Lo stesso luogo che aveva acceso le ribollenti fiaccole di un tempo liberato dalle normative borghesi adesso si era ridotto a triste e mediocre vetrina per il cliente occasionale.
«Il piccolo ceto trionfa. Gli approcci sono cauti, i contatti prudenti; si balla per fare un esercizio igienico».
Fortuna che certi richiami giungono da altri palcoscenici che destano nell’autore emozioni da gran scoperta. Dinanzi all’edificio dell’Opéra, il crollo emotivo dell’autore è un tributo alla passione che lo consuma. Superati i croupiers, imboccate le scale e i corridoi si arriva non solo a destinazione, ma nel cuore di Barilli stesso.
«Nessuno potrà dire l’insistente turbamento che dà la musica in questo luogo memorabile, popolato e fastoso. Una ricchezza pesante e ravvolta di colori indistinti quieti si coagula all’intorno. Forme gelide dai riflessi misteriosi nella torrida semi-oscurità guizzano irretite nel vasto sogno musicale, come mosche iridescenti e innumerevoli, prese in una immensa tela di ragno».
(Sempre all’amore per la musica sono dedicati i capitoletti su Giacomo Lauri Volpi, tenore famosissimo nella prima metà del Novecento, e Alfredo Casella, «il più stonato e il più placido dei nostri compositori, l’apostolo, per così dire, della nota falsa, il più pedagogico dei fumisti e fra tanti futuristi, avveniristi, dadaisti, dinamisti, il più intossicato e più angelico di tutti»).
Le osservazioni di Barilli, forse lo si è capito, sono il frutto di una scrittura al riparo da ogni ideologia.
Il risultato, semmai, di una incessante moltiplicazione di particolari utili a colorare l’immagine nel suo complesso. Per questo motivo la scenografia più congeniale al suo stile possiamo rintracciarla nello straniante museo delle cere Grévin, che l’autore non esita di prendere a modello per riflessioni tanto sul tempo quanto sulla natura degli uomini. Moltissime le glorie eternate in questo spettacolo morboso: primi ministri, attori americani, il bambino protagonista di The Kid al fianco di Charlie Chaplin, presidenti della Repubblica e altri ancora.
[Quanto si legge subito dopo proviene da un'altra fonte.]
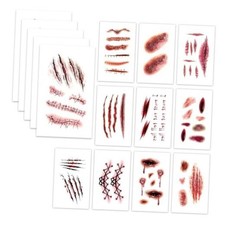 121Pcs Zombie SFX Makeup Scar Tattoo Stickers for Halloween Cosplay Red Scar-121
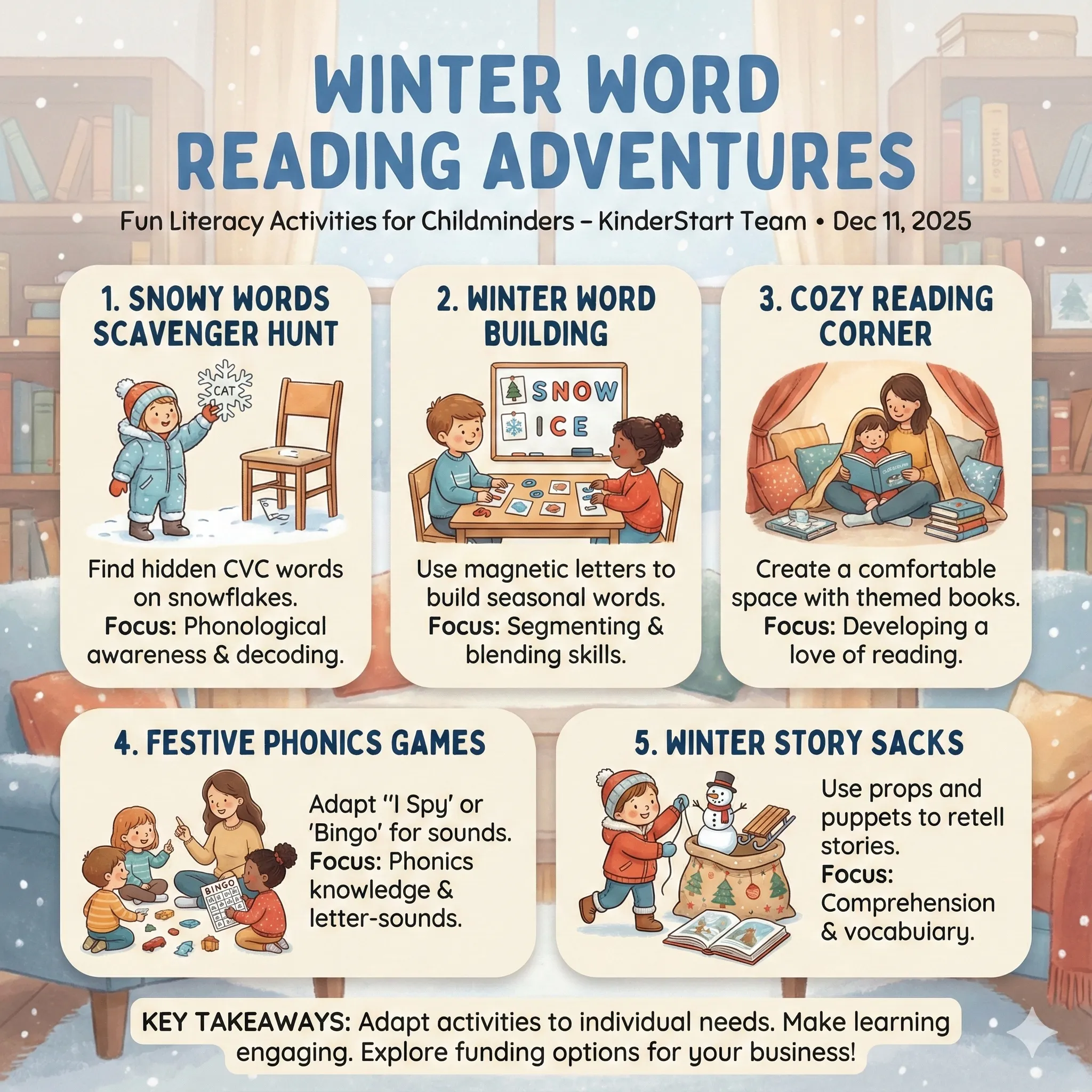 Winter Word Reading Adventures: Fun Literacy Activities for Childminders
Celebrità in “galera”, senza nemmeno la soddisfazione di potersi muovere:
«le statue in questa pensione conservano il loro atteggiamento per dei mesi e dei mesi, magari per degli anni, finché viene il momento di sparire in cantina o nel solaio».
Anche se non si escludono tragedie notturne: chissà «quante rivalità e odii si scatenano quando il Museo si chiude. È lecito supporlo: vociferazioni, lamenti, strida, da far gelare il sangue».
Per quelli che rimangono immobili, infine, c’è chi non rimane fermo neanche un momento. Nelle pagine in cui l’autore si dedica alle differenze tra le due lingue, quella italiana e quella francese (chiaramente un pretesto per dire della distanza tra due popoli e modi di pensare), è proprio la prima a scappar via da ogni parte, irriducibile com’è ai soli meccanismi grammaticali. Secondo Barilli l’italiano «fugge i ragionamenti e cerca la melodia». Mentre l’altra è fatta di sfumature, questa è piuttosto a una dimensione. Una superficie nuda, la definisce. Che l’unica capacità di fuggire dalle rigide costrizioni risieda proprio nell’esplorazione di quella superficie? Domanda oziosa, e senza risposta. L’italiano, precisa un attimo dopo: «è la lingua della sibilla che rifiuta di spiegarsi» e se questa non è una sentenza definitiva, poco ci manca.